Greece Blogs

Carys Athey: One Volunteer’s Experience in Greece

A few weeks ago, Carys Arthey arrived in Greece to begin volunteering with indiGO Volunteers, one of Help Refugees’ partner projects. In this post, she shares the experiences that she has had so far.


“The journey begins…

‘All we have to decide is what to do with the time that is given us.” — J.R.R. Tolkien

To put down in words what I have – and am – experiencing as a volunteer in Greece seems like an impossible task. And yet it was only a month or two ago that volunteering was a distant dream, little more than an idea that would pop into my mind  after seeing the news.

Now here I am, two weeks in to volunteering as a volunteer coordinator for indiGO Volunteers in partnership with Help Refugees. What an incredible experience it has been so far – incredibly humbling, a shock to the senses, each day filled with inspiring moments and people.

In the space of four days, I had left my job, packed up my flat and arrived here in Thessaloniki. In all honesty, I had little idea of what I would be doing or what to expect. I am amazed how easy it has been to step out of one life and be absorbed straight into another one.

You simply complete an online application form, book flights and confirm the dates you are available, organise accommodation and turned up at the HUB for an induction. You can be rolling your sleeves up in the warehouse and making a difference within a few hours of arriving. Never in a million years would I have thought it would be so straightforward.

The first thing that hit me arriving in Greece was the language: not speaking Greek made reading signs tricky, but given that almost everyone can speak English, you can easily get by.

The next thing was how welcoming and inclusive the volunteering environment is. This, for me, is the most special part of the whole experience so far: working with so many different people, from different cultures and backgrounds, and at different stages in their lives.

The work asks you to leave your ego at the door, and immediately you are brought together for a common goal: to help people in need.

It has taken me a while to understand the set up.
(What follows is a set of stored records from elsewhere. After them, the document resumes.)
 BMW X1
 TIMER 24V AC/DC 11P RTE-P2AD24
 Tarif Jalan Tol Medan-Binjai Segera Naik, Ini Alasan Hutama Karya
In a nutshell, my understanding is that after the initial larger NGO’s reacted to the refugee crisis, smaller volunteer projects (grassroots organisations) started to pop up to meet the needs that were not prioritised or supported on a larger scale.

Help Refugees looks to support and enable these projects, which are ever changing as they do their very best to offer whatthey can in these uncertain times. An indiGO volunteer coordinator’s role is to match volunteer applicants to the grassroots projects, so they can continue to respond to some basic human needs.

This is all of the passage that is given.